Are we forgetting, that there are many elderly people without living descendants?

weq

10 hours ago

This tech is not only great for bulldozing grandma, its great at stealing content from other creators and rebranding it as your own. Based on the github, it kind of seems like thats exactly whats being advertised as the use case. Steal content from BBC, cut it up and pull the noise out/vocals/revoice the content so the algorithm cant detect the plagorism easily. The imagine detection is no where no the audio detection for copyright strikes.

There is a massive problem with this on youtube. Pretty much every category on youtube now has a host of these bots trolling content and playing the youtube strike system like a banjo. There are channels detected to showing you how to setup these content mills. This tool can make you good money.

sfjailbird

7 hours ago

First generative AI destroyed Google search, and now it has pretty much destroyed YouTube. Social platforms, including this one, are probably goners too. We live in interesting times.

ranger_danger

12 hours ago

How many victims will it take for lawmakers to do something about this?

tiborsaas

11 hours ago

It's already illegal to scam somebody. While it's always positive to protect people more, what can be done here? Any alternative I can imagine is massively oppressive of the current state of the software industry.

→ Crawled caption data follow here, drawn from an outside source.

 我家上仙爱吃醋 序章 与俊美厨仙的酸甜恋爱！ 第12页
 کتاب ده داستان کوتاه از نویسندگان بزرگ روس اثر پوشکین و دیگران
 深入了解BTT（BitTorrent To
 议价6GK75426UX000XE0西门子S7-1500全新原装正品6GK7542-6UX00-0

You can regulate large companies, you can regulate published software sold for profit, but it's impossible to regulate free and open source tools.

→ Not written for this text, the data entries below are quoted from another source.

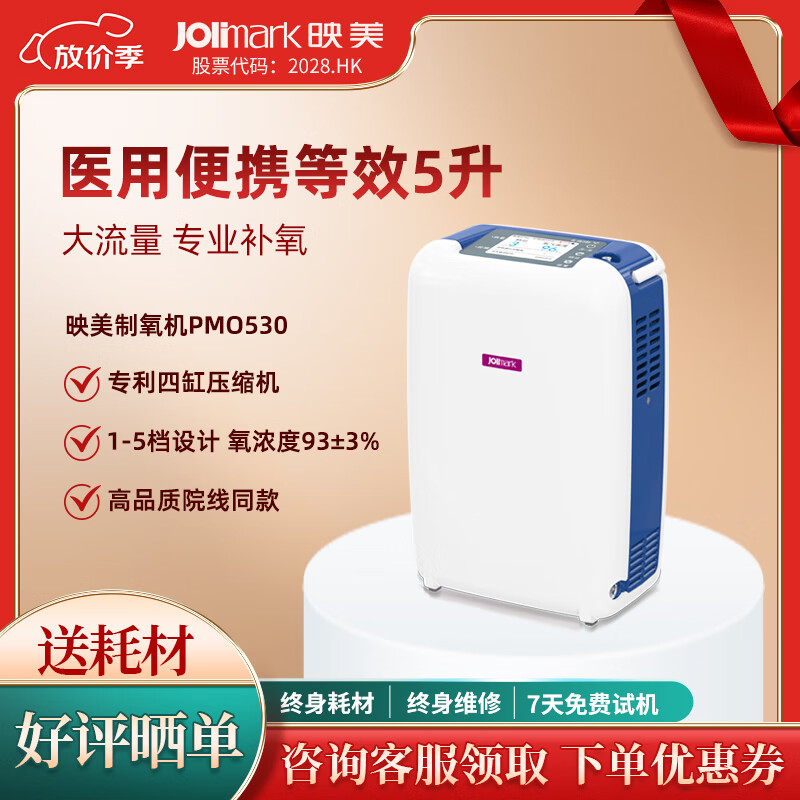 映美医用等效5升便携式制氧机高原户外居家旅游车载可用PMO530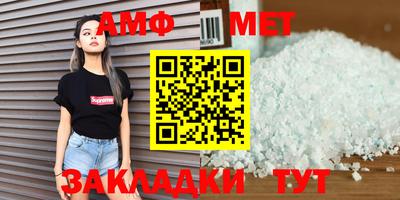 прущий лед Жуковский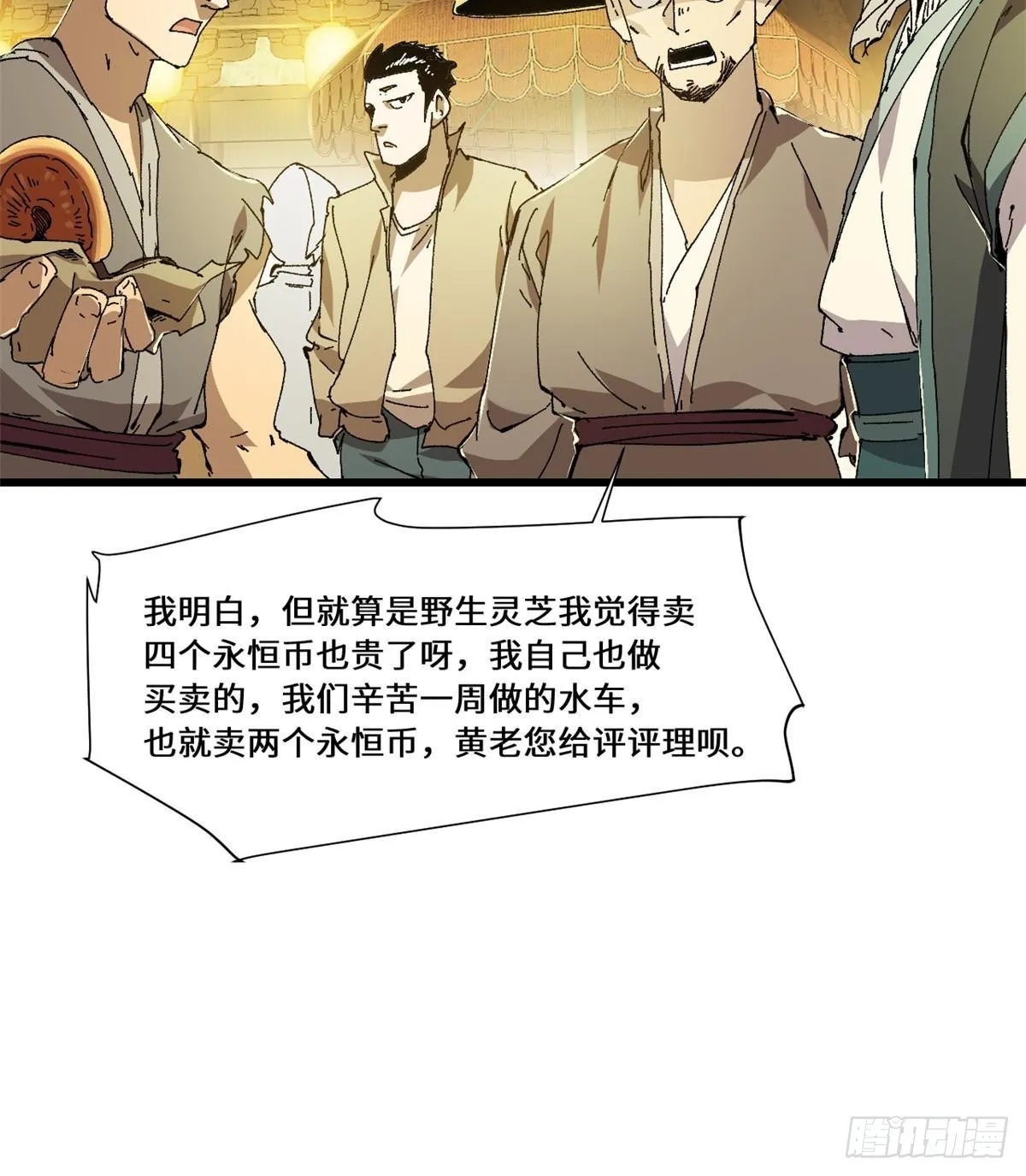 081 坊市 第29页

You essentially have to regulate access to computing power if you want to prevent bad actors doing bad things using these sort of tools.

bryanrasmussen

10 hours ago

>You can regulate large companies, you can regulate published software sold for profit, but it's impossible to regulate free and open source tools.

Regulation is putting legal limitations on things, if it is impossible to regulate free and open source tools then it would be impossible to regulate murder and lots of other things, but it turns out it isn't impossible, sure - murder happens - but people get caught for it and punished.

Sorry, but this argument is much like the early internet triumphalism - back when people said it was impossible to regulate. Turns out lots of countries now regulate it.

tiborsaas

10 hours ago

It depends on what you do with the tool. Going with your murder analogy, if there's a stabbing epidemic what do you do? 1) Ban knives 2) invest in public safety 3) investigate the root causes and improve on them?

I'm also not sure what's so regulated about the internet besides net neutrality in certain countries. Of course the government can put limits on the network, like banning services, but it's easy since they are rather easy to target. With content traveling on the network it's much harder to say if it's legit or not.

> lots of countries

What about those countries that don't regulate it and people will keep pumping out better, leaner and faster models from there? Spreading software is trivial, all you achieve is the public won't be aware of what's possible.

The more I think about it if anything should be regulated that's a requirement to provide third party (probably government backed) ID verification system so it would be possible for my mom to know it's me calling here. Basically kill called ID spoofing.

bryanrasmussen

7 hours ago

>I'm also not sure what's so regulated about the internet besides net neutrality in certain countries.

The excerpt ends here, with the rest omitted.